На третье утро к нему заглянул Белей-паша в сопровождении всё той же парочки. Вспомнив читанные в детстве в детективах тюремные правила, Олег поднялся, для вида постонав.

— Голову поклони! — потребовал торговец. Середин неумело поклонился, но Белей-паше хватило и этого выражения покорности. Он подступил, деловито пощупал мышцы Олега, заглянул ему в зубы, постучал по животу:

— Костяк хороший, но надобно веса нагнать и мяса. Махмуд, найди ему какое-нибудь тряпье, дабы кожу не спалил, и поставь пока к колодцу у репейника. Да, и повесь ему серьгу. А то ходит, как свободный.

— Да, господин, — поклонился слуга и потянул из пояса веревочный конец. Оказалось, что опоясан он был не толстым канатом, а косичкой из множества переплетенных толстых шнурков, каждый в локоть длиной. Таким шнурком он смотал невольнику руки за спиной и подпихнул того к выходу: — Топай. Хватит, навалялся.

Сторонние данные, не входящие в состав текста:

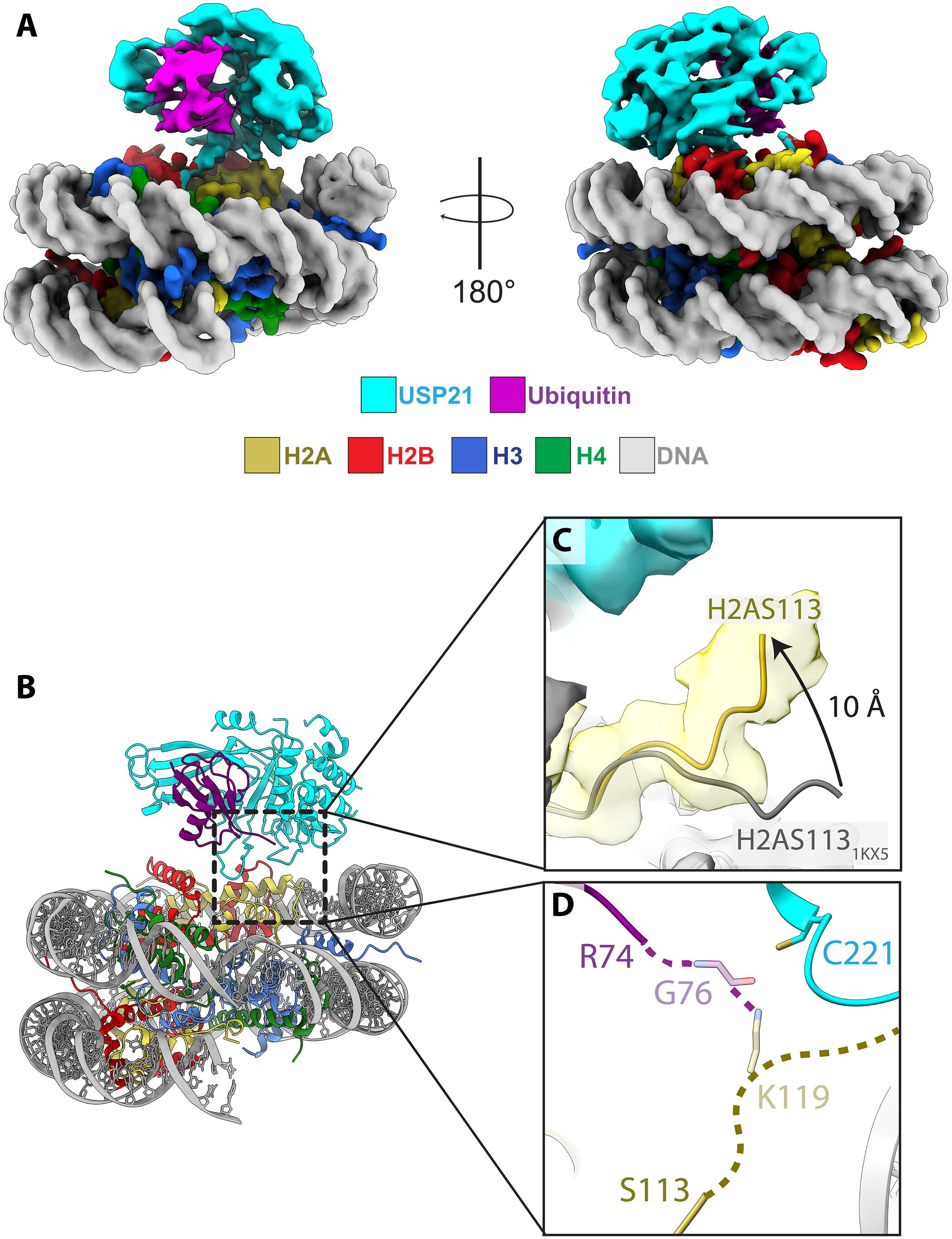 Mechanism of USP21 autoinhibition and histone H2AK119 deubiquitination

Во дворе он оставил Олега под лесенкой, ведущей на второй этаж, сам нырнул в низкую дверцу возле одной из лунок для винограда. Вернулся Махмуд с намотанной на руку цепью, сплетенной из проволоки миллиметра три толщиной, повесил ее ведуну на шею, ухватился за мочку уха, оттянул, чем-то больно уколол — Середин даже вскрикнул от неожиданности, — потом что-то покрутил, теребя рану, поплевал, дернул за свисающую с шеи цепь:

— Пошли.

На этот раз его вывели со двора. Пройдя по улице мимо нескольких ворот, они свернули в широкий проем, откуда доносился деловитый звон. Это была, естественно, кузня. Мастер — коричневый, как истершийся ремень, морщинистый старик — сидел на корточках у разведенного прямо на земле огня и выстукивал крупный рыболовный крючок на гранитном булыжнике, покрытом множеством белых «оспин». Олег просто глазам своим не поверил: восточные мастера всегда славились умелой работой, и чтобы здесь это происходило подобным образом… Может, это вовсе и не кузнец, а так, недоучка примазавшийся?